Organizing Committee

Program Chairs

Program Committee

Tentative Program

All Times Are U.S. CST

9:00 - 9:05

Opening Remarks

Hari Subramoni, Aamir Shafi, Karl Schulz, and Dhabaleswar K (DK) Panda
The Ohio State University and UT Austin


The continuous increase in complexity and scale of high-end systems, together with the evolving diversity of processor options, are forcing computational scientists to face system characteristics that can significantly impact the performance and scalability of applications. HPC users need a system infrastructure that can adapt to their workload needs, rather than having to constantly redesign their applications to adapt to new systems. In this talk, I will discuss the current trends in computer architecture and the implications in the development of HPC applications and programming and middleware environments. I will present the Oracle Cloud Infrastructure (OCI), which provides availability, resiliency, and performance at scale, so HPC users can easily choose the best option for their workloads, and will discuss hybrid on-prem/cloud options, which facilitate workload migration from on-premise to the cloud. I will finish the presentation with a discussion of some of the challenges and open research problems that still need to be addressed in this area.


Luiz DeRose

Dr. Luiz DeRose is a Director of Cloud Engineering for HPC at Oracle. Before joining Oracle, He was a Sr. Science Manager at AWS, and a Senior Principal Engineer and the Programming Environments Director at Cray. Dr. DeRose has a Ph.D. in Computer Science from the University of Illinois at Urbana-Champaign. He has more than 25 years of high-performance computing experience and a deep knowledge of programming and middleware environments for HPC. Dr. DeRose has eight patents and has published more than 50 peer-review articles in scientific journals, conferences, and book chapters, primarily on the topics of compilers and tools for high performance computing.

10:00 - 10:30

Morning Coffee Break

Scalable parallel algorithm for fast computation of Transitive Closure on Shared Memory Architectures

Bhaskar Chaudhury1, Bhrugu Dave2, Mihir Desai2, Sidharth Kumar3, Smit Kumbhani2, Sarthak Patel1
Dhirubhai Ambani Institute of Information and Communication Technology1, Group in Computational Science and HPC, DA-IICT, India2 University of Alabama, Birmingham3

We present a scalable algorithm that computes the transitive closure of a graph on shared memory architectures using the OpenMP API in C++. Two different parallelization strategies have been presented and the performance of the two algorithms has been compared for several data-sets of varying sizes. We demonstrate the scalability of the best parallel implementation up to 176 threads on a shared memory architecture, by producing a graph with more than 3.82 trillion edges. To the best of our knowledge, this is the first implementation that has computed the transitive closure of such a large graph on a shared memory system. Optimization strategies for better cache utilization for large data-sets have been discussed. The important issue of load balancing has been analyzed and its mitigation using the optimal OpenMP scheduling clause has been discussed in details.

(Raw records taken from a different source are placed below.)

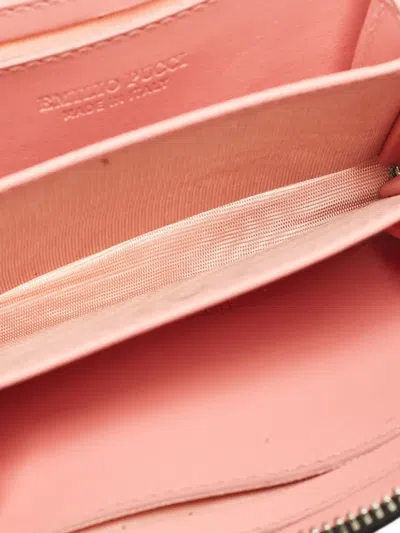 Pre-owned Pucci Geometric-print Wallet In Pink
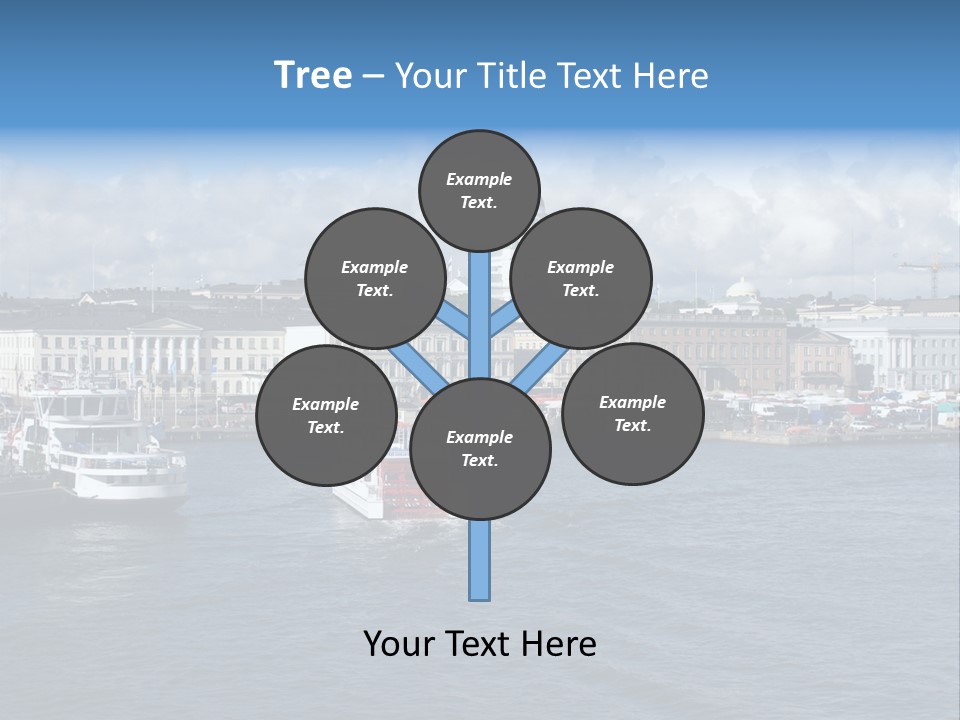 Port Of Helsinki PowerPoint Template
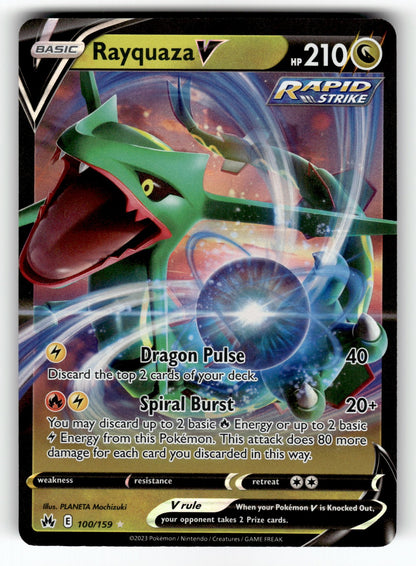 Rayquaza V – 100/159 CRZ: SWSH: Crown Zenith Ultra Rare Holo NM
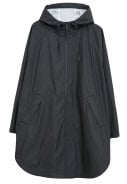 Zwarte regenjas / regenponcho Sky van Tantä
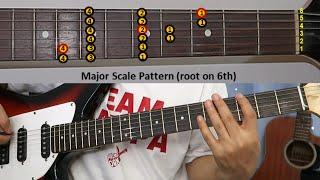 Guitar scales: G Major and C Major patterns + lead exercise tips | Pareng Don sa Electric Guitar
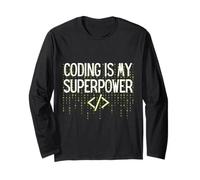 Funny Coding is My Superpower Coder Programmer Manche Longue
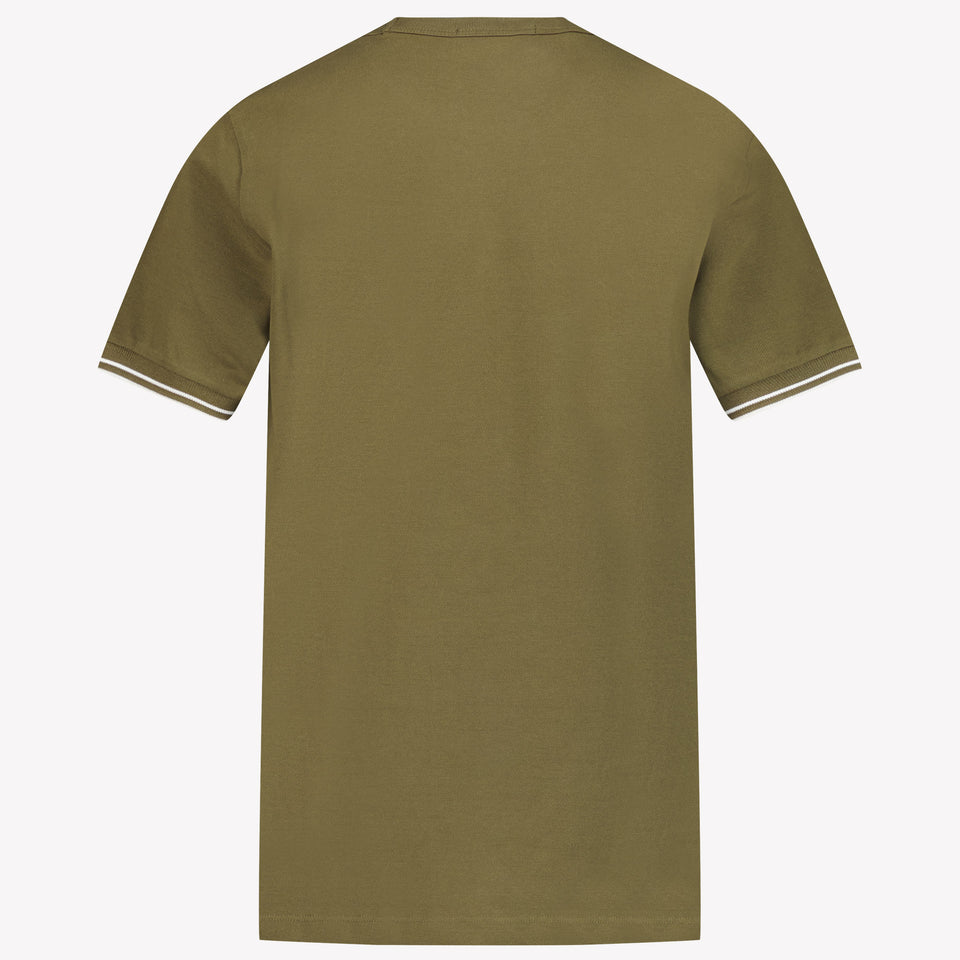 Stone Island Kinder Jongens T-Shirt In Army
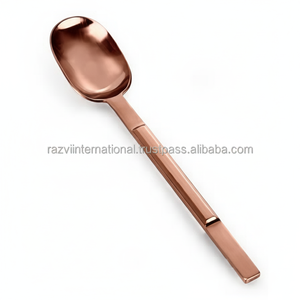 Cuchara de hielo chapada en cobre, elegante herramienta de cocina de Metal envejecido tradicional para decoración de dormitorio - Product Image 1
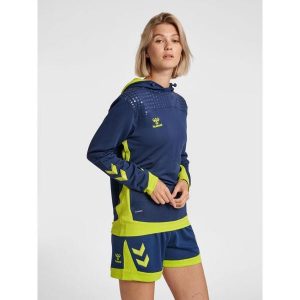 Damska bluza z kapturem Hummel hmlLEAD poly. Niebieskie bluzy Hummel, s, bez wzorów, z kapturem. Za 171,70 zł.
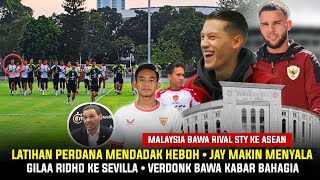 MAKIN NGERI Ridho Gabung Sevilla • Ada Apa Di Latihan Perdana • Verdonk Bawa Kabar Bahagia Timnas [upl. by Willy]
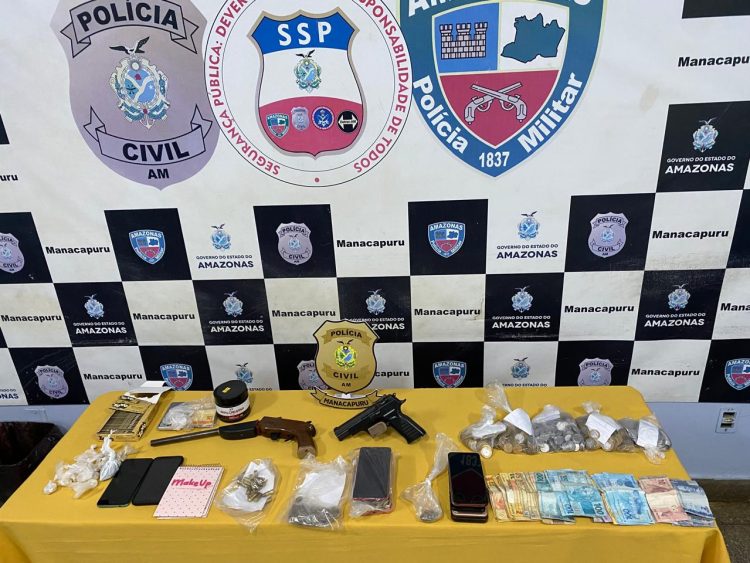 Material apreendido. (Foto: Divulgação/PC-AM)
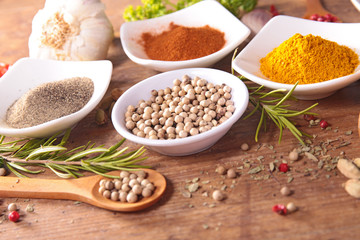 set of spices and herbs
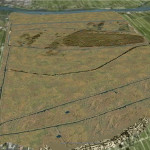 Overlay onontgonnen waard in Google Earth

Accelerating Messages by Avoiding Copies in an Asynchronous Task-based Programming Model

Nitin Bhat1, Laxmikant Kale2, Evan Ramos1, Sam White2
Charmworks Inc1, University of Illinois, Charmworks Inc2

Task-based programming models promise improved communication performance for irregular, fine-grained, and load imbalanced applications. They do so by relaxing some of the messaging semantics of stricter models and taking advantage of those at the lower-levels of the software stack. For example, while MPI's two-sided communication model guarantees in-order delivery, requires matching sends to receives, and has the user schedule communication, task-based models generally favor the runtime system scheduling all execution based on the dependencies and message deliveries as they happen. The messaging semantics are critical to enabling high performance. In this paper, we build on previous work that added zero copy semantics to Converse/LRTS. We examine the messaging semantics of Charm++ as it relates to large message buffers, identify shortcomings, and define new communication APIs to address them. Our work enables in-place communication semantics in the context of point-to-point messaging, broadcasts, transmission of read-only variables at program startup, and for migration of chares. We showcase the performance of our new communication APIs using benchmarks for Charm++ and Adaptive MPI, which result in nearly 90% latency improvement and 2x lower peak memory usage.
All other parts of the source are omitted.